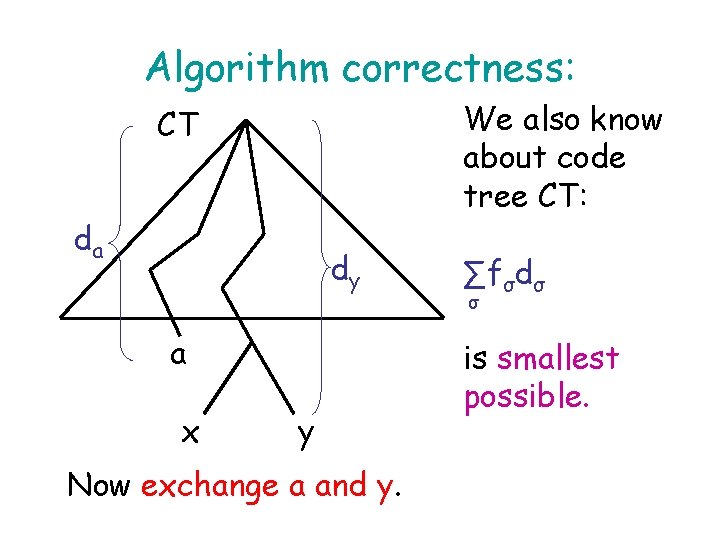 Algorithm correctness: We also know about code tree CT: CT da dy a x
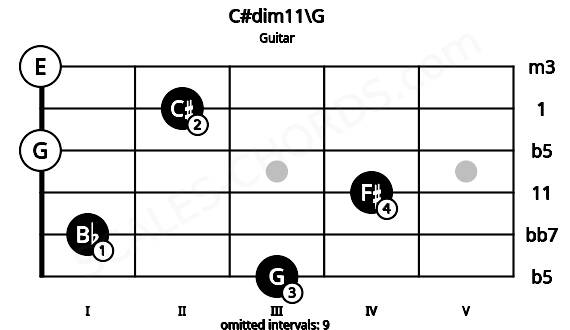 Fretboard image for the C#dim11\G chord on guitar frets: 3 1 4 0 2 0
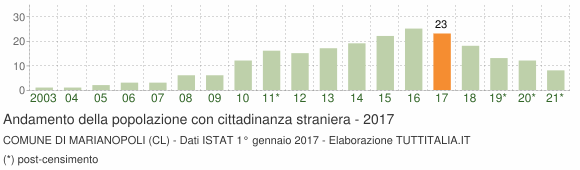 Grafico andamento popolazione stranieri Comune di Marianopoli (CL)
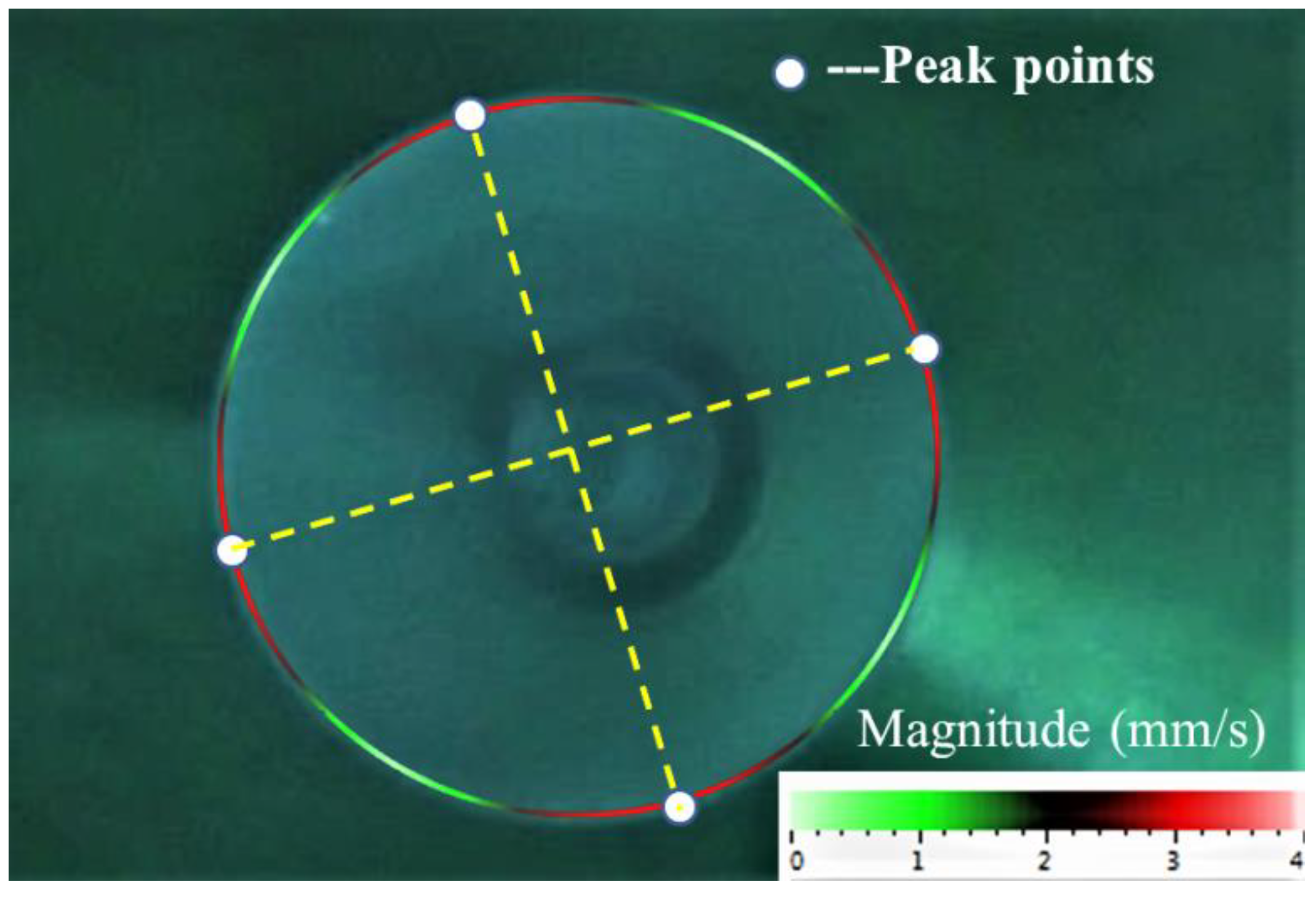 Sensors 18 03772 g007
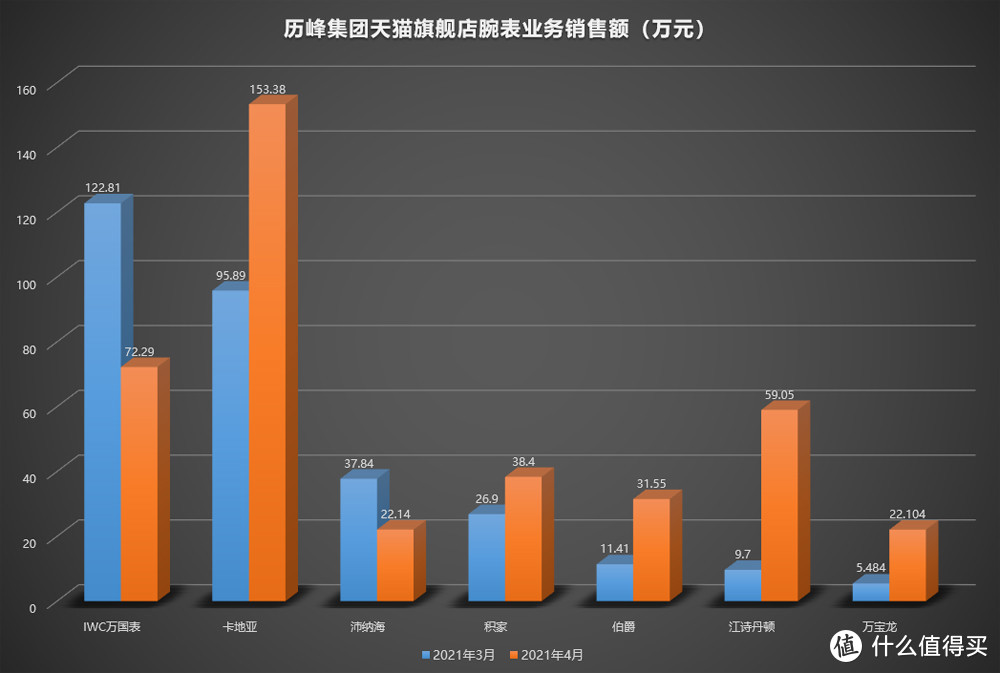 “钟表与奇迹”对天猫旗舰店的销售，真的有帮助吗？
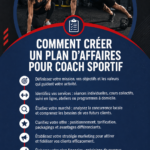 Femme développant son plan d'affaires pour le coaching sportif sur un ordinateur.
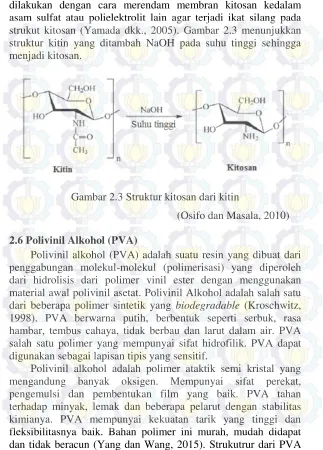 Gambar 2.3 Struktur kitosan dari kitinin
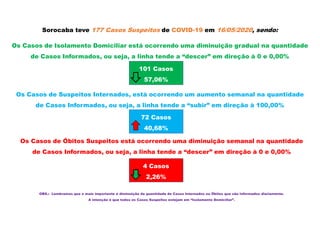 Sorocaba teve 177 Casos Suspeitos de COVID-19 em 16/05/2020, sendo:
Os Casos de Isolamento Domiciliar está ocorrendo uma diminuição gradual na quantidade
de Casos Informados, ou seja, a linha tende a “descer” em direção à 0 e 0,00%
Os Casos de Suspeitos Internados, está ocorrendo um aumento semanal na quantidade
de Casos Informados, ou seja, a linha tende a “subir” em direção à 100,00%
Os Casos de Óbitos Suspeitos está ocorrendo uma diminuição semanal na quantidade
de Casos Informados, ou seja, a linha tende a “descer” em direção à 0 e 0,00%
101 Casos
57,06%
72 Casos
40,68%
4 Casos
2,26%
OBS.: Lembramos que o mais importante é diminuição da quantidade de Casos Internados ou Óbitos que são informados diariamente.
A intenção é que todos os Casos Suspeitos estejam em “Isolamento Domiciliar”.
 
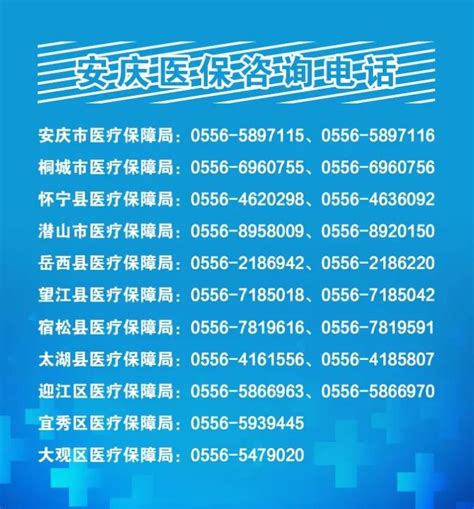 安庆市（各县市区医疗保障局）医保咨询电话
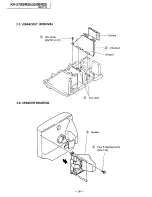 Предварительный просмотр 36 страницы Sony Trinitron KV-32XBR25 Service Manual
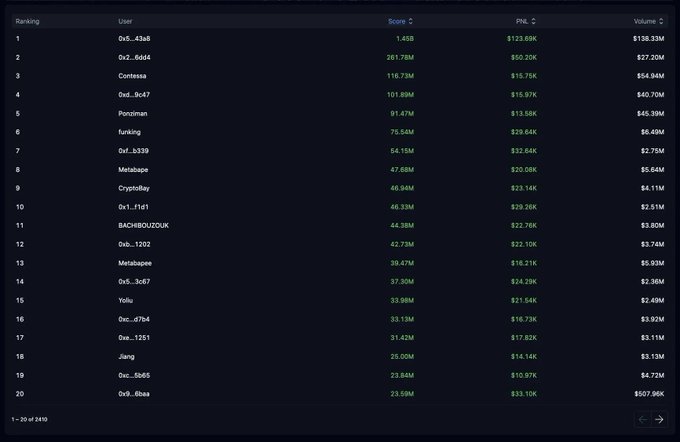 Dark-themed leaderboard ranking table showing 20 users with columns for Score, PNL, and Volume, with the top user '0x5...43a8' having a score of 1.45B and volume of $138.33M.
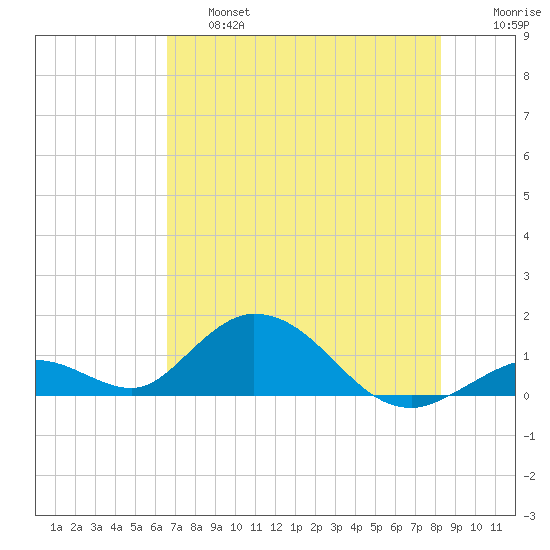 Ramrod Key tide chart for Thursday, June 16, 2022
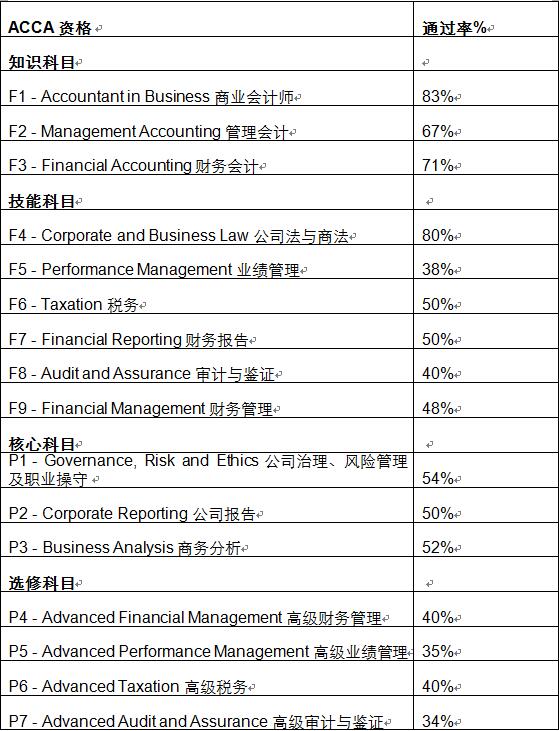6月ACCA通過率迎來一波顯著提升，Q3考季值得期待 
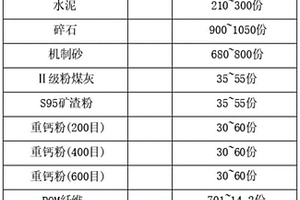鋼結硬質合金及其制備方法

....

PROBLEM DETAILS »
Print every line of the data exactly. Pictures do not belong in the copy.

RESULT OF THE TASK »
 Algorithm correctness: We also know about code tree CT: CT da dy a x
 Fretboard image for the C#dim11\G chord on guitar frets: 3 1 4 0 2 0
 Grafico andamento popolazione stranieri Comune di Marianopoli (CL)
 Sensors 18 03772 g007
 “钟表与奇迹”对天猫旗舰店的销售，真的有帮助吗？
 Femme développant son plan d'affaires pour le coaching sportif sur un ordinateur.
 Gambar 2.3 Struktur kitosan dari kitinin
 Sorocaba teve 177 Casos Suspeitos de COVID-19 em 16/05/2020, sendo:
Os Casos de Isolamento Domiciliar está ocorrendo uma diminuição gradual na quantidade
de Casos Informados, ou seja, a linha tende a “descer” em direção à 0 e 0,00%
Os Casos de Suspeitos Internados, está ocorrendo um aumento semanal na quantidade
de Casos Informados, ou seja, a linha tende a “subir” em direção à 100,00%
Os Casos de Óbitos Suspeitos está ocorrendo uma diminuição semanal na quantidade
de Casos Informados, ou seja, a linha tende a “descer” em direção à 0 e 0,00%
101 Casos
57,06%
72 Casos
40,68%
4 Casos
2,26%
OBS.: Lembramos que o mais importante é diminuição da quantidade de Casos Internados ou Óbitos que são informados diariamente.
A intenção é que todos os Casos Suspeitos estejam em “Isolamento Domiciliar”.
 
 安庆市（各县市区医疗保障局）医保咨询电话
 Предварительный просмотр 36 страницы Sony Trinitron KV-32XBR25 Service Manual
 Dark-themed leaderboard ranking table showing 20 users with columns for Score, PNL, and Volume, with the top user '0x5...43a8' having a score of 1.45B and volume of $138.33M.
 Ramrod Key tide chart for Thursday, June 16, 2022
6月ACCA通過率迎來一波顯著提升，Q3考季值得期待 
鋼結硬質合金及其制備方法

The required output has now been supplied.